Despite installing intruder alarms in his home at the time, police have claimed “no information or intelligence” was given to the investigating officer that Abraham was at risk at the time. A police spokesman said: “Witness care and protecting evidence were taken extremely seriously and any threat to those was acted upon when information came to light.”
Det Ch Insp Noel McHugh from the murder squad said there is no evidence to suggest his death is linked to him giving evidence at the rape trial. He added: “As with any murder case, much sensitive work goes on behind the scenes and we cannot always be open with the public or a victim’s friends and family about some aspects we are looking into.
“However, I would like to reassure them that we do continue to work very hard on this case and we are committed to bringing Abraham’s murderer to justice.
“I completely understand if people are worried for their safety but please make that call to police and let us assess your information - often it can help us build a picture and doesn’t mean you’ll end up giving evidence in court.
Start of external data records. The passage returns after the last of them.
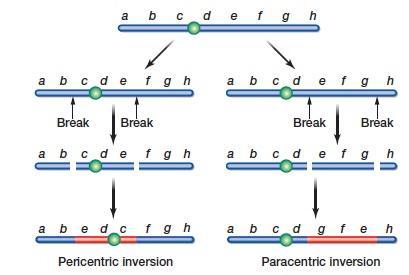 Inversions Change of orientation of a segment of DNA 2st 2j Distal Inverted regions Proximal Cen.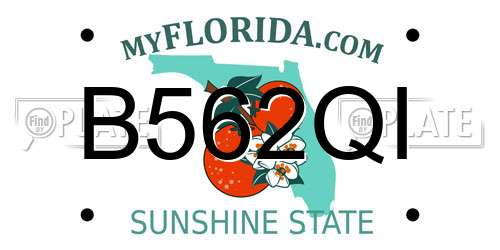B562QI Florida License Plate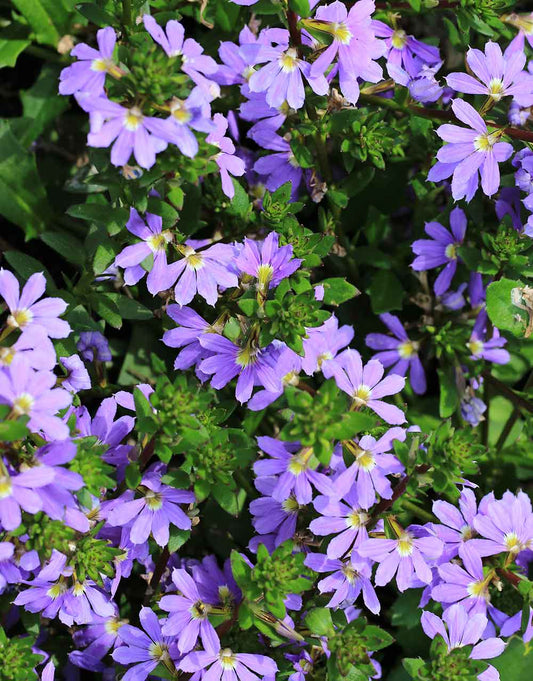 Scaevola 'Aussie Crawl'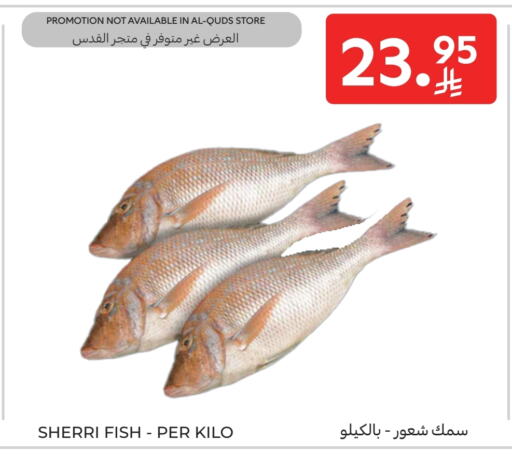 available at Carrefour in KSA, Saudi Arabia, Saudi - Riyadh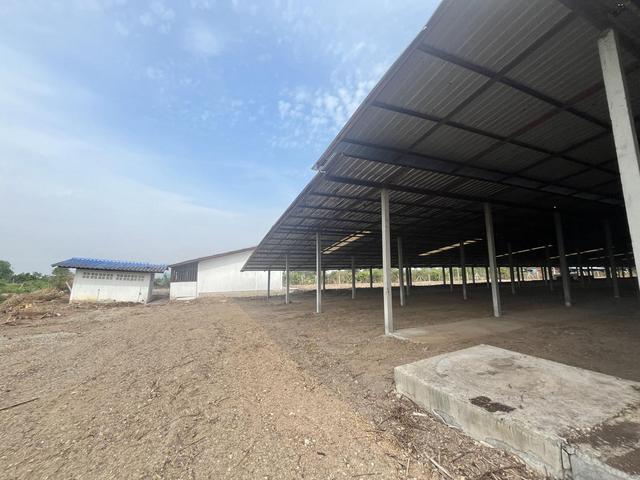 ใช่ 💟 บ้านพักอาศัย พร้อมโรงเรือนเลี้ยงเป็ด สุพรรณบุรี 💟 รูปที่ 4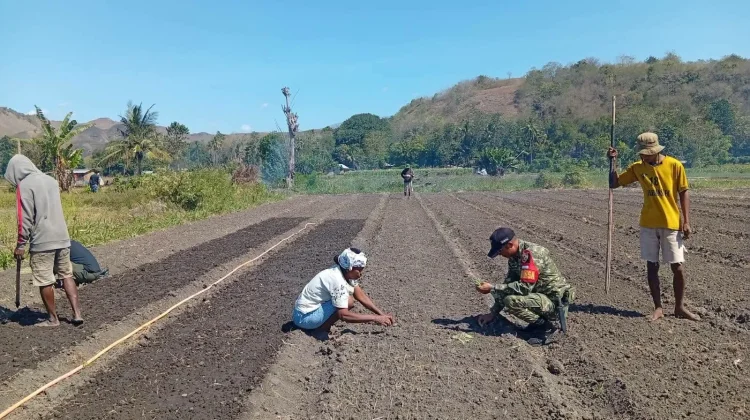 Dukung Swasembada Pangan,Babinsa Waingapu Dampingi Warga Tanam Bawang
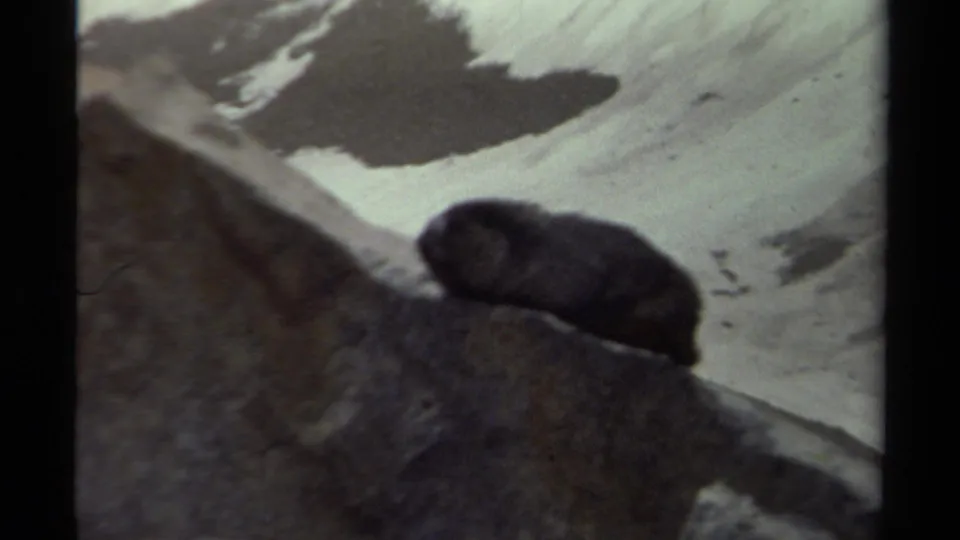 A small dark wild animal rests on a rocky British Columbia mountainside in 1979 8mm footage, with snow patches in the background.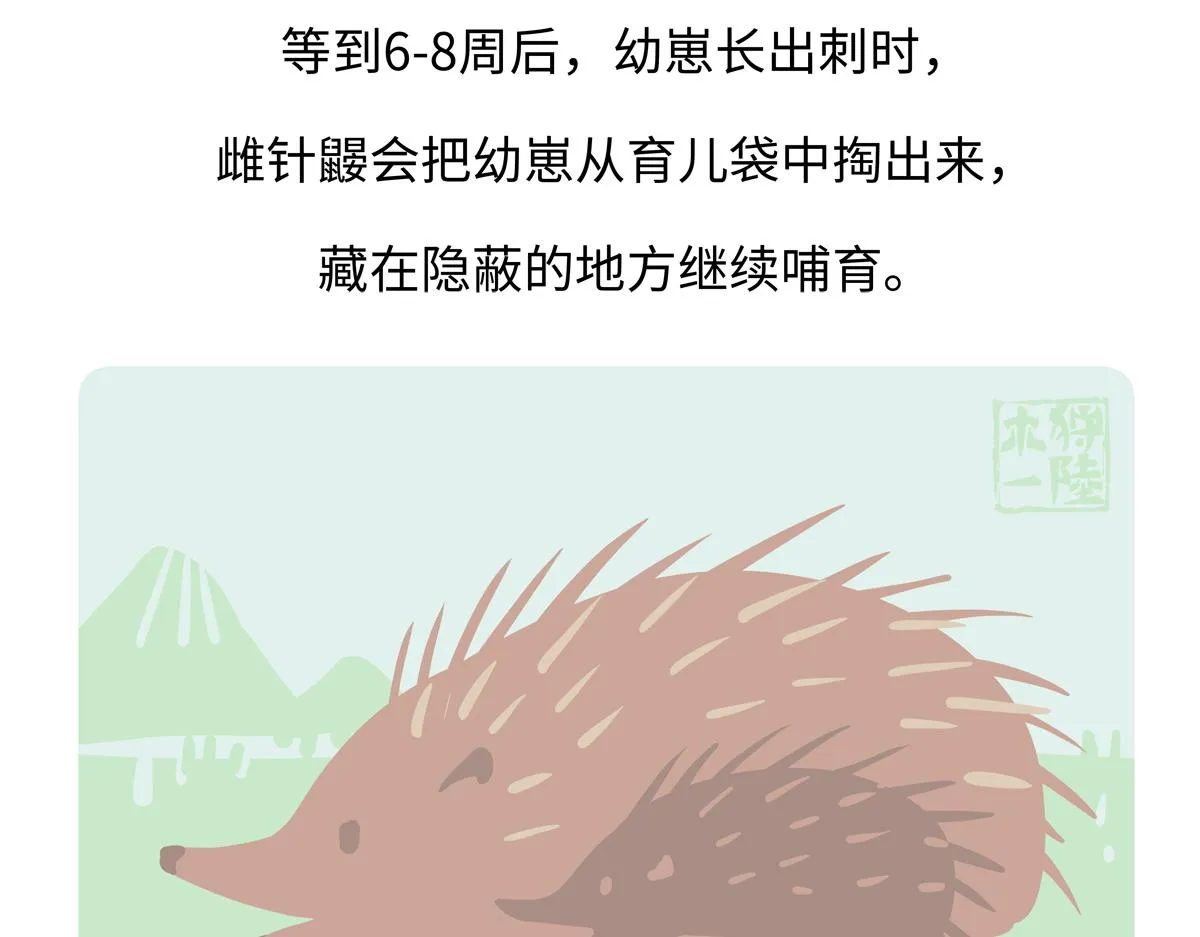 第258话26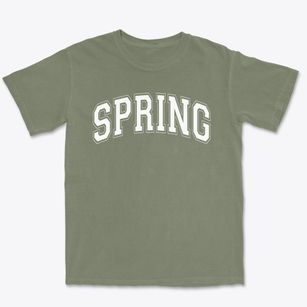 Spring Elementary School Varsity Arch Premium Heavyweight T-shirt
And if you do, we can take steps to support and protect you if there are genuine concerns and risks to your safety.”
A spokesperson for the council said: “We always give absolute priority to families in urgent need of rehousing for safety reasons, and have agreements in place to move families outside of Hackney where they are suffering threats or harassment.
“Mr Badru’s family were initially rehoused after he had acted as a witness in a court case. They were then recognised as needing a move further away from the area and had the opportunity for a direct move to an area in which they felt safe, both before Mr Badru left Hackney in 2012 and upon his return to the borough in 2016. On each occasion the family decided not to take up the offers made.
“We were very sorry to hear of Mr Badru’s tragic death earlier this year and are now working closely with Mrs Badru to look into the difficulties she has faced since her son passed away and offer any support we can. The senior leadership of the council is taking an active interest in resolving Mrs Badru’s housing situation.”